I first met Uli when I visited the garden that she shares with her partner Paul Zammit on a Toronto Open Gardens day way back in 2010. I did not do any research on the gardens that I would be visiting on that day, and had no idea what to expect. But the moment we drove up to Uli and Paul’s, I knew I was in for something special.
The first thing you notice is the sheer volume of plant material. I am sometimes overwhelmed by the volume of plants and pots that I manage to cram into my own small garden, but then I visit their place and realize that I’m an amateur by comparison. They do volume well. As a plant enthusiast with a small space to work with, I’ve never been able to follow the rule of multiples (planting 3 or more of the same plant together rather than dotting the bed with an assortment of singles). There are simply too many amazing plants in the world and my garden is far, far smaller than my eyes. The trick in breaking this rule is to plant in such a way that you are not left with a garbled mess of plants that are all competing with each other on the same level. Mine often suffers from this affliction, which is why in the short time I have been gardening here I have moved some perennials 3 or more times. Uli and Paul’s garden spaces are full and somewhat hyperactive, yet also surprisingly calm and pleasing. I attribute their success, in part, to a finely tuned ability to see, understand, and pair textures.
When I think about their garden, this is what I see most: TEXTURE. This brings me back to Uli’s collections. Over the years she has scoured flea markets, yard sales, and thrift stores to amass an impressive collection of cast iron and metal urns, pots, fences, and other garden accoutrements that they have together incorporated into the design of the front and back yards. Uli doesn’t just go for clean, perfect pieces. Like me, she sees value in the textures and patinas of broken and rusty old things — the sorts of things that most people would pass over as garbage. And then she brings them home, and together, she and Paul elevates these hardscrabble old treasures into something jaw dropping, playfully weaving their textures with colourful and equally textured foliage.
None of this is as easy as you’d think. Most “full” gardens, especially those that are full of “stuff” (another of my afflictions), tend to start looking like an outdoor junk shop. Not their garden. Somehow, it all comes together to create something that is graceful, yet fun; high brow and low brow all at once.
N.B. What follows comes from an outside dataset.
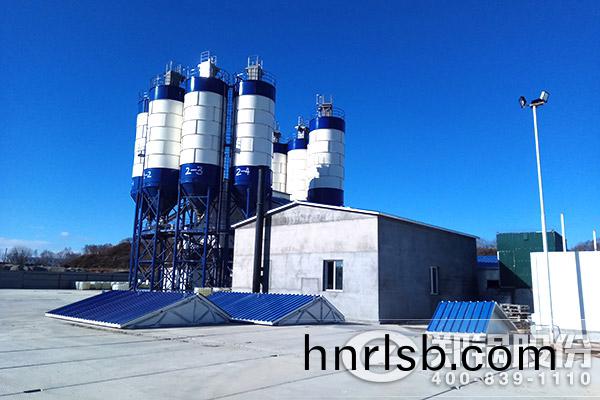 建材(cai)行(xing)業3噸燃(ran)氣(qi)蒸(zheng)汽(qi)鍋(guo)鑪(lu)齣(chu)口俄(e)儸(luo)斯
And evidence that here live two people who really, really, really love plants.
Every time I visit I have the same visceral response, “I could live in this garden forever!” And then, when I am forced to go home, I feel newly recharged and inspired to try to make a garden that is even half as awesome as theirs.
I hope to show you more of Uli and Paul’s garden in the future as I have barely scratched the surface here. I gave you a peek at their front yard, but did not show you it’s whole splendour.